Records from a data source:

★ ★ ★ ★ ★

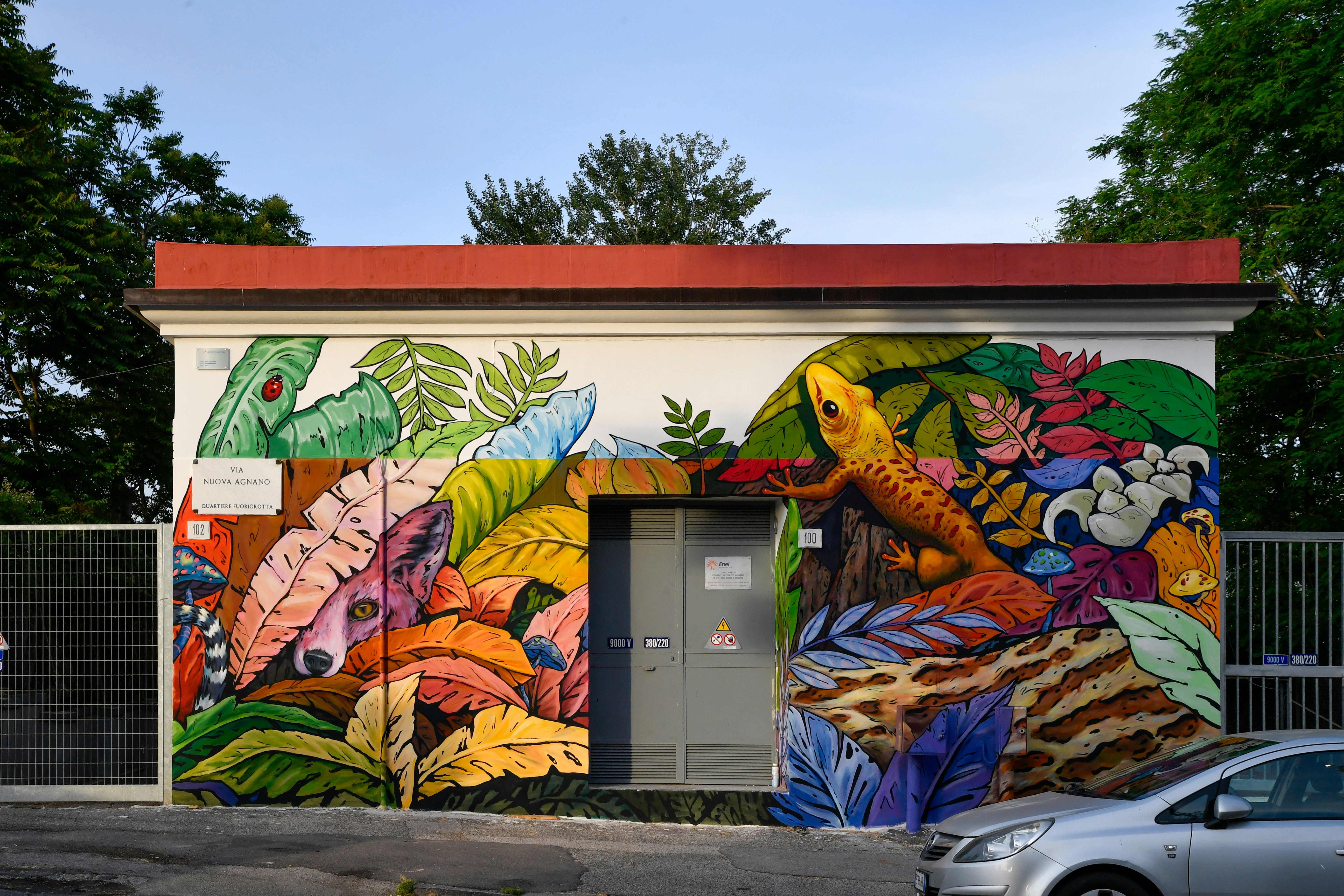 A building mural with a lizard and tropical plants.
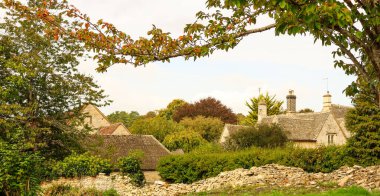 Geleneksel taştan kulübeleri, kuru bir taş duvarı ve mevsimsel sonbahar renklerini gösteren ağaçlarıyla Cotswold köyünü büyülüyor.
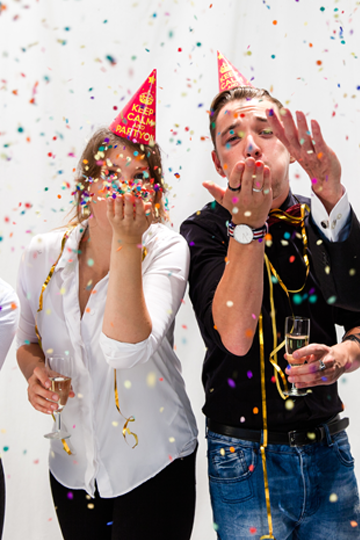 Zwei Personen mit Partyhüten pusten Konfetti von ihrer Hand in die Luft.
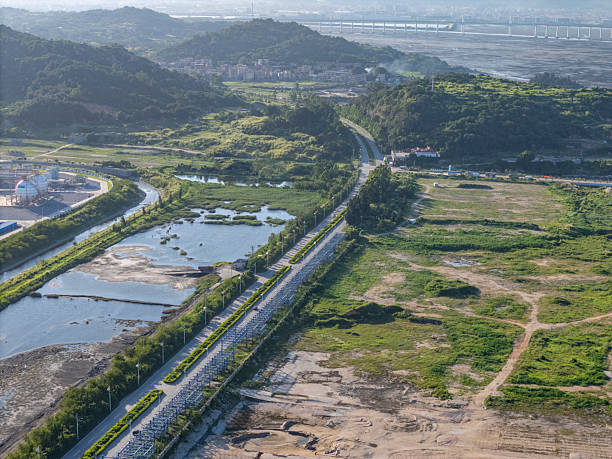 istock Industrial landscape, green spaces, and highways 2222751877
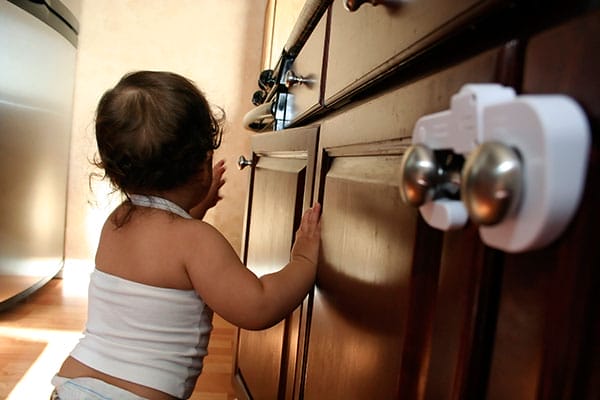 A baby reaching for a kitchen cabinet pull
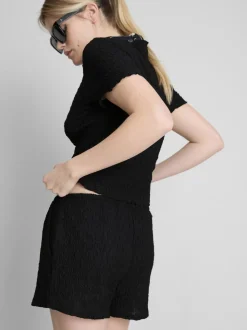 Pantalón corto fruncido con cordón de ajuste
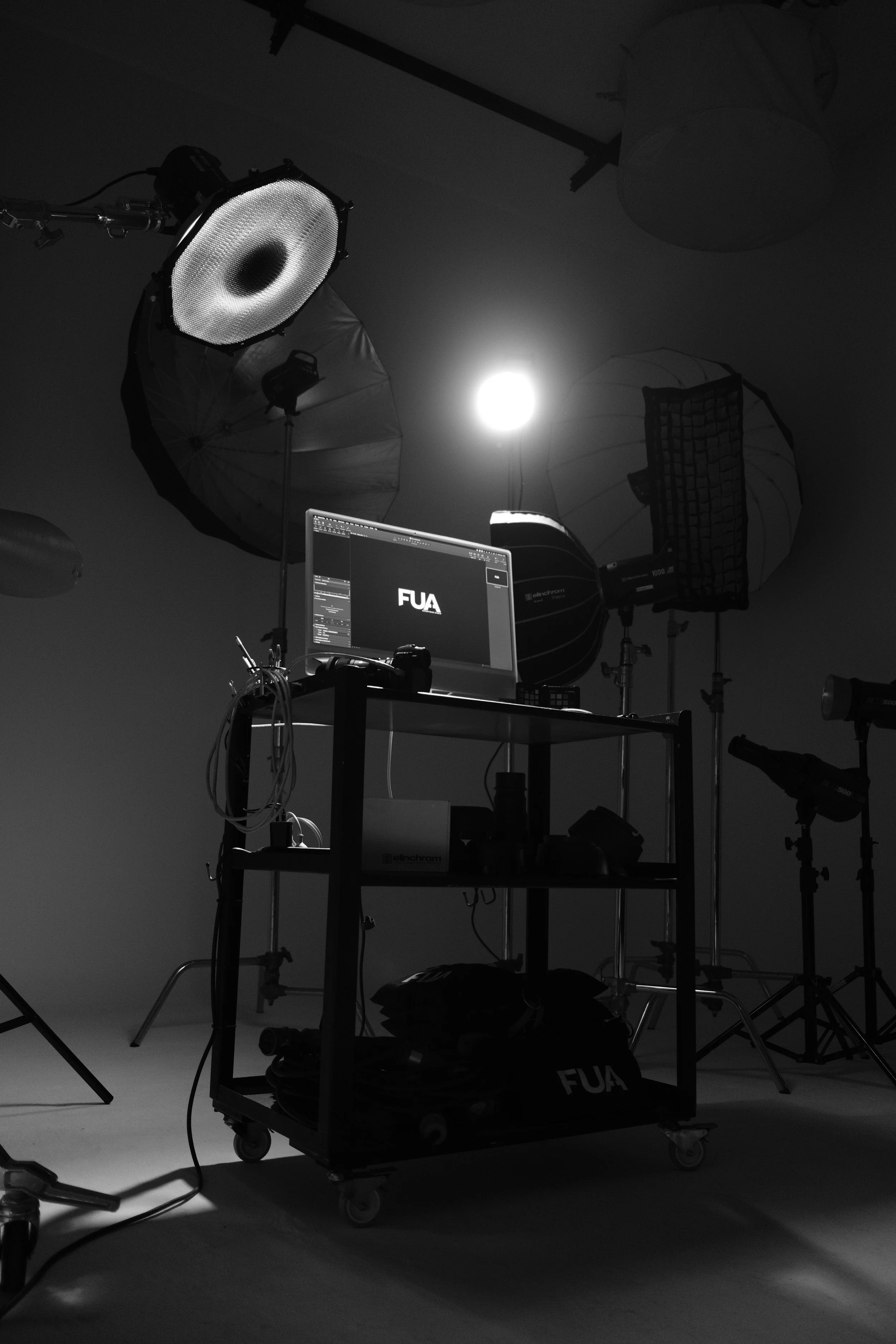 Photography studio setup with professional lighting equipment and a computer displaying the logo 'FUA', against a plain background.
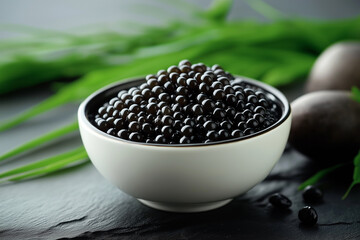 black caviar in a plate on the table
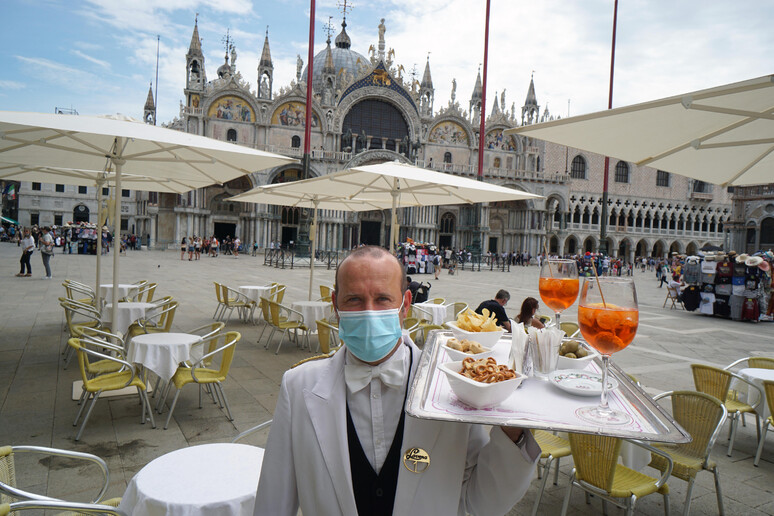 Un cameriere dello storico Caffè Lavena al lavoro, in piazza San Marco - RIPRODUZIONE RISERVATA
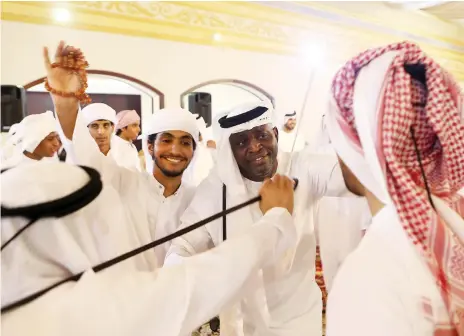  ?? Pawan Singh / The National ?? Bilal Antara Shadad Al Mazrouei, to give him his Emirati name, joins in with dancers at a wedding in Baniyas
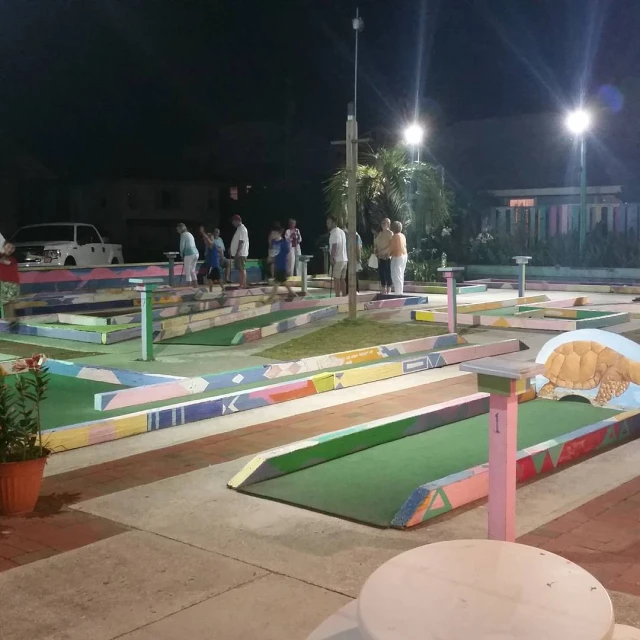 people gather on the artificial putting green at a mini golf course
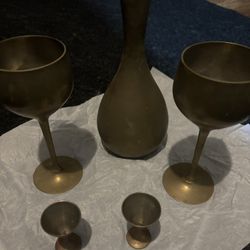 Brass decorative vase, two brass wine goblets and two small goblets.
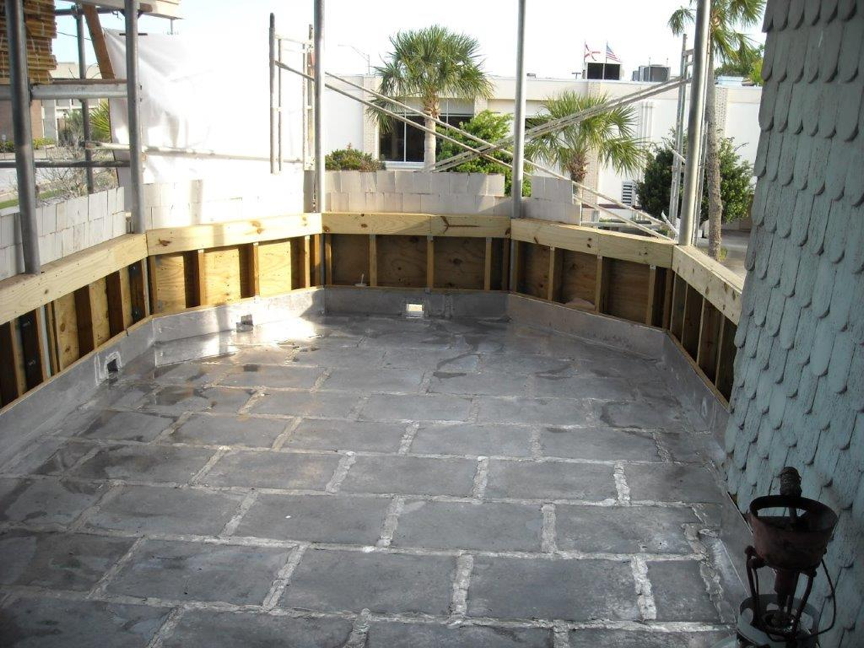 Metal tiled floor on second floor porch Metal tiled floor on second floor porch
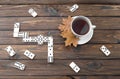 White cup of tea, maple leaves, domino game Royalty Free Stock Photo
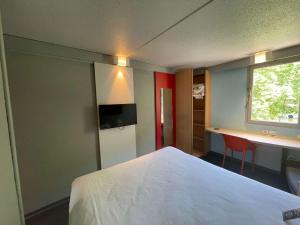 - une chambre avec un lit, un bureau et une fenêtre dans l'établissement ibis Epinal Centre, à Épinal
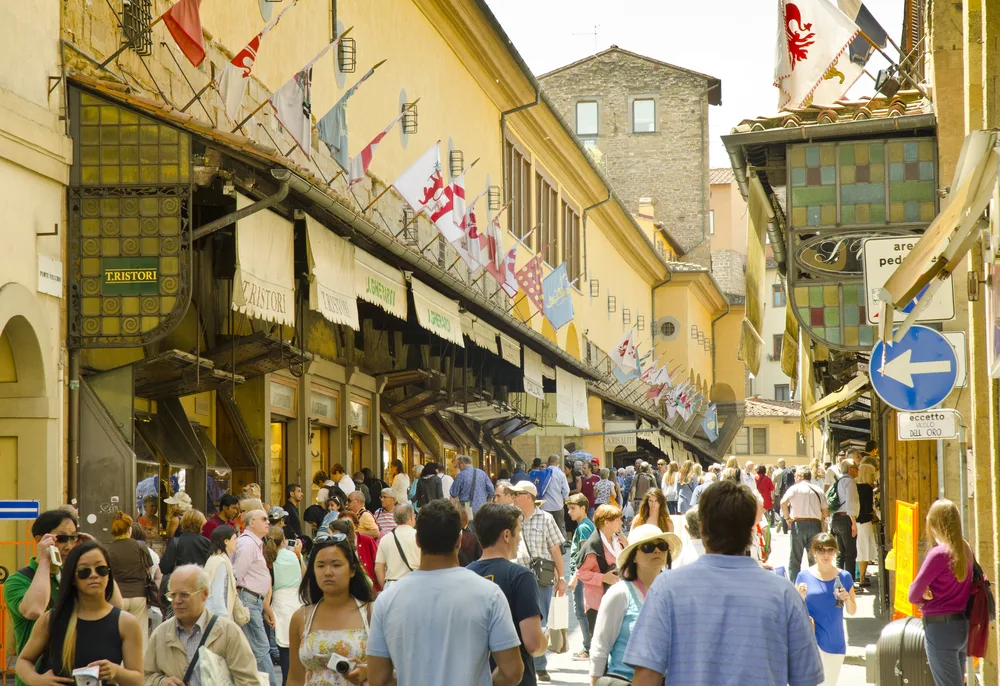 Crowded street in Florence pictured on the Ponte Vecchio, one of the most famous landmarks in the area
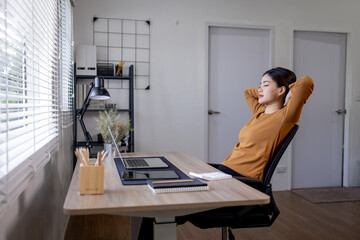 Young business asian woman work on laptop desk doing math finance on an office desk, tax, report, accounting, statistics, and analytical research concept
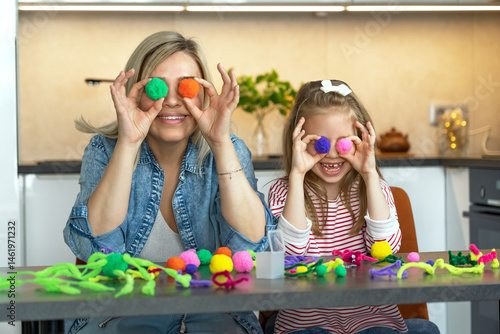 Happy family mother and little daughter fun create craft from colored chenille wire toys play and laugh. Diy. Leisure with children. Education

★ ★ ★ ★ ★

## [What to produce]
The copy should hold only the lines from the one with "Un cameriere dello" through the one with "Young business asian", exactly as they stand above. Leave out the pictures.

## [Solved exercise]
 Un cameriere dello storico Caffè Lavena al lavoro, in piazza San Marco - RIPRODUZIONE RISERVATA
  ?? Pawan Singh / The National ?? Bilal Antara Shadad Al Mazrouei, to give him his Emirati name, joins in with dancers at a wedding in Baniyas
 people gather on the artificial putting green at a mini golf course
 Brass decorative vase, two brass wine goblets and two small goblets.
 Metal tiled floor on second floor porch Metal tiled floor on second floor porch
 White cup of tea, maple leaves, domino game Royalty Free Stock Photo
 - une chambre avec un lit, un bureau et une fenêtre dans l'établissement ibis Epinal Centre, à Épinal
 Crowded street in Florence pictured on the Ponte Vecchio, one of the most famous landmarks in the area
 Young business asian woman work on laptop desk doing math finance on an office desk, tax, report, accounting, statistics, and analytical research concept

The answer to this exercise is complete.